Oleh Dyah Ayu Fitriana

Cublek-cublek suweng….
….
Salah satu lagu dari permainan masa kecil, yang saya yakin semua pembaca yang hidup di era itu akan merasa sangat rindu.
Membicarakan budaya Indonesia rasanya tidak akan ada habis-habisnya. Dari sabang sampai merauke, dari tanah abang sampai ternate hehe. Indonesia memiliki beragam budaya yang khas di setiap daerahnya. Sebagai orang indonesia kita seharusnya patut untuk bersyukur dan bangga menjadi bagian darinya. Beribu kepulauan rasanya telah cukup menunjukkan keindahan keberagaman di Indonesia.

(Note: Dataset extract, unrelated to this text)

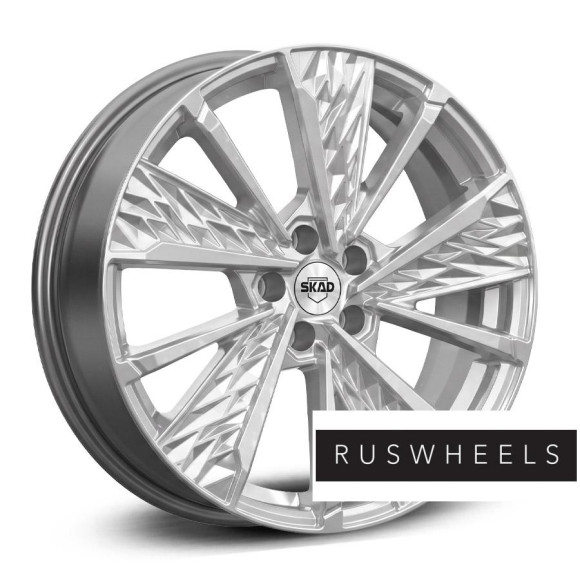 Диски Скад R19 / 7J PCD 5x108 ЕТ 45 ЦО 60.1 Легато Диски Скад R19 / 7J PCD 5x108 ЕТ 45 ЦО 60.1 Легато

Salah satu budaya yang sangat berkenang dibenak saya yakni permainan-permainan tradisional yang ada di masa kecil saya. Ada banyak sekali, beberapa yang paling senang dimainkan yakni Jumpritan (Petak umpet) bak-bak’an atau engklek, betengan atau gobak sodor. Dan masih banyak sekali permainan seru yang sering kami mainkan.
Tapi saat ini, permainan-permainan tradisional nyatanya sudah mulai memudar dari kehidupan anak-anak. Anak sekolah dasar jika pulang ke rumah sudah tidak lagi berkumpul dengan temannya di lapangan untuk bermain. Alih-alih mereka lebih memilih duduk di rumah memegang Gadget dan memainkan game online-nya. Nggak percaya.. liat aja deh adik anda, atau adiknya tetangga anda, atau adiknya teman hhe.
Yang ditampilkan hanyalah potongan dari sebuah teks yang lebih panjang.